◆ THE TASK: With pictures removed, output every record below exactly as written.

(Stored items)
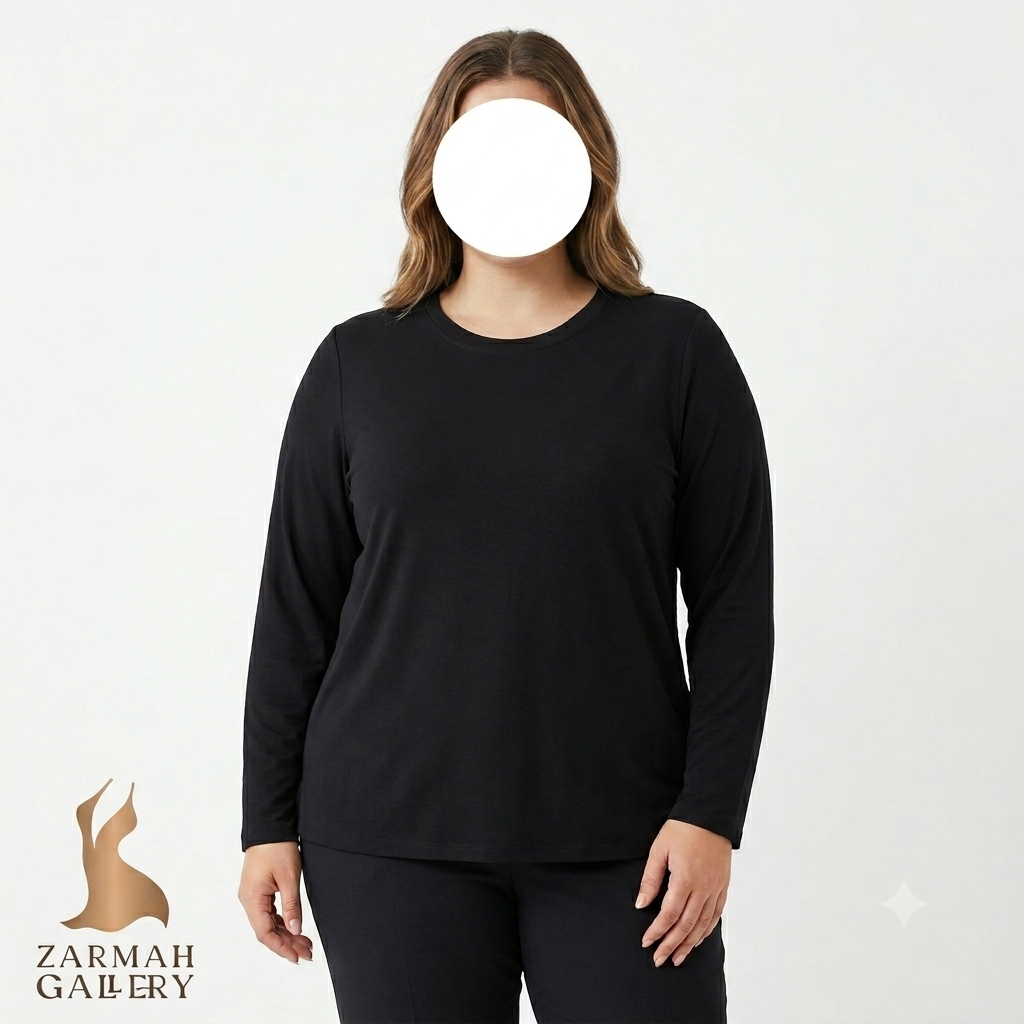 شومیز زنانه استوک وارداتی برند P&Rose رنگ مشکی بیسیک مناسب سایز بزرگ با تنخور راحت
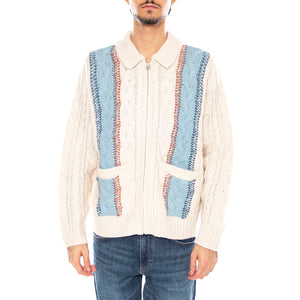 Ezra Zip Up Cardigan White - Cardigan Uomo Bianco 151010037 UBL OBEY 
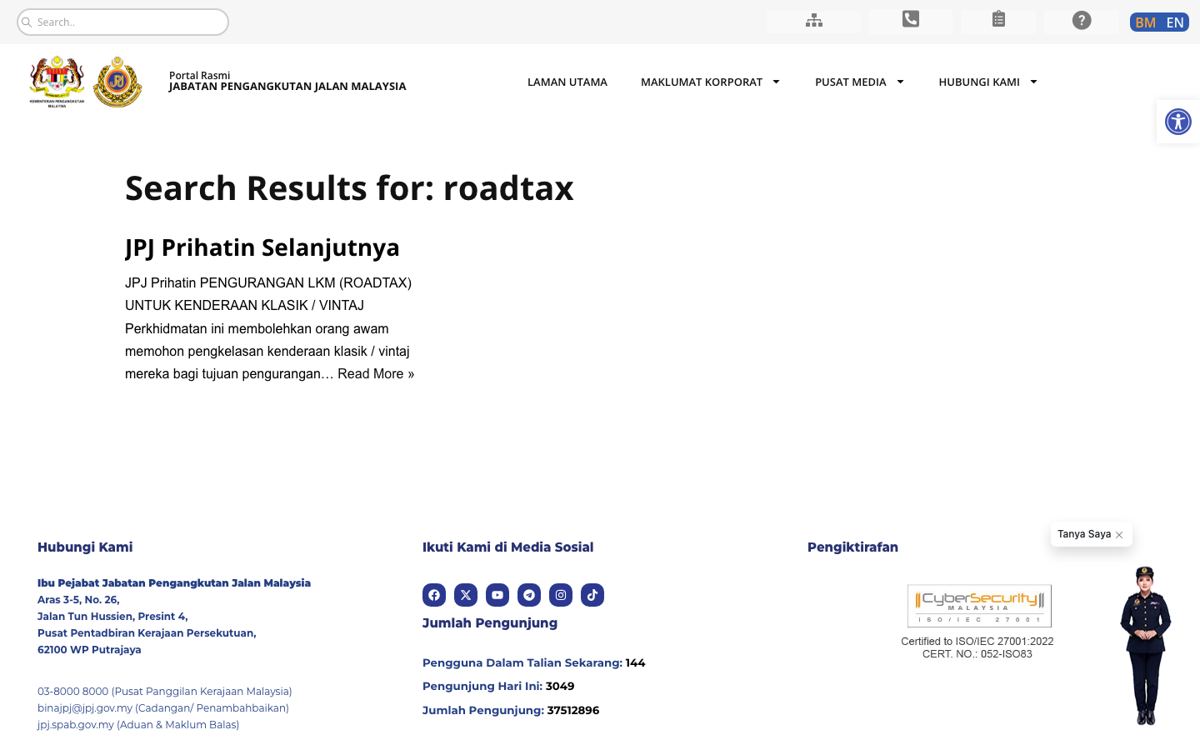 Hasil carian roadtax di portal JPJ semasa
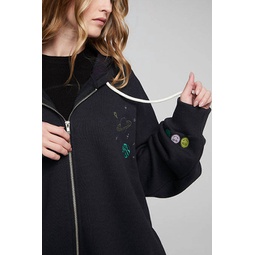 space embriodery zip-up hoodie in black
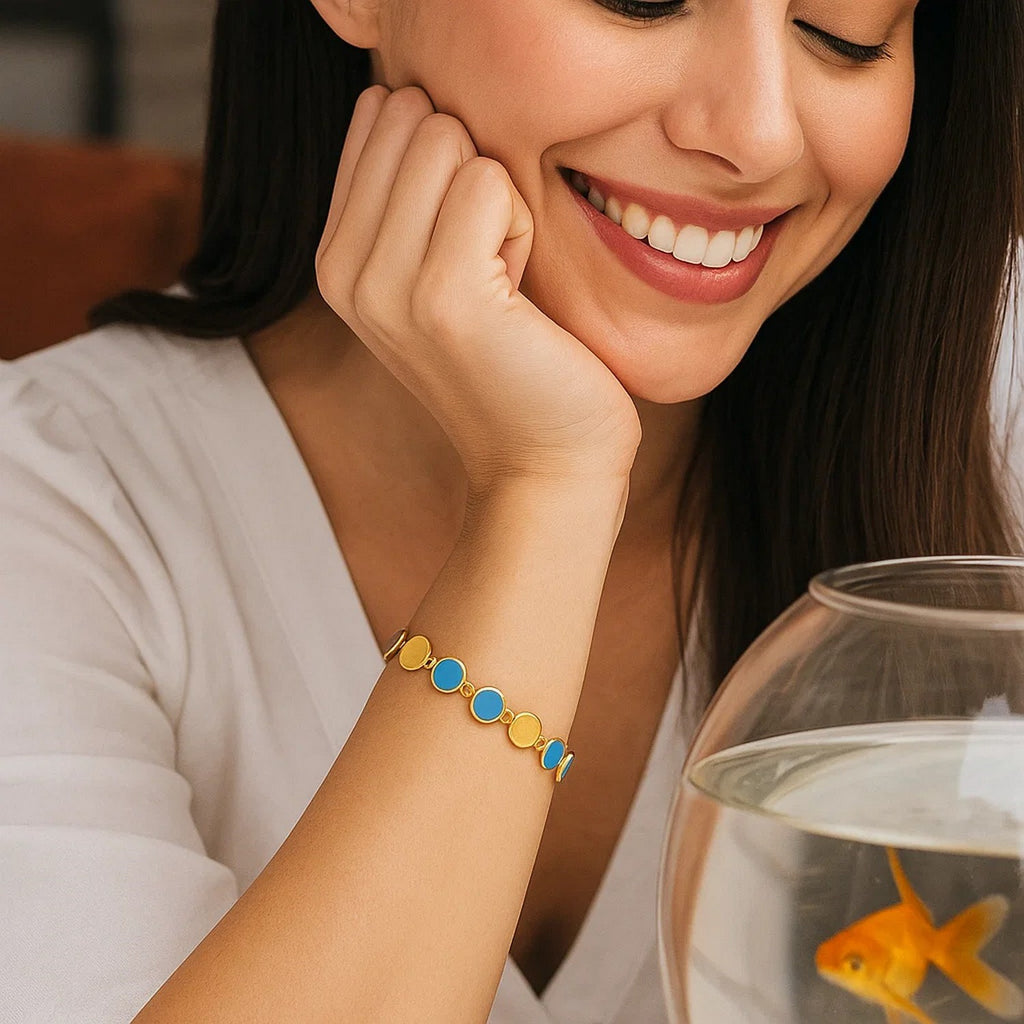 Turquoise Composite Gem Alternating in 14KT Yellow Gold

◆ REPLY TO THE TASK:
 شومیز زنانه استوک وارداتی برند P&Rose رنگ مشکی بیسیک مناسب سایز بزرگ با تنخور راحت
 Ezra Zip Up Cardigan White - Cardigan Uomo Bianco 151010037 UBL OBEY 
 Hasil carian roadtax di portal JPJ semasa
 space embriodery zip-up hoodie in black
 Turquoise Composite Gem Alternating in 14KT Yellow Gold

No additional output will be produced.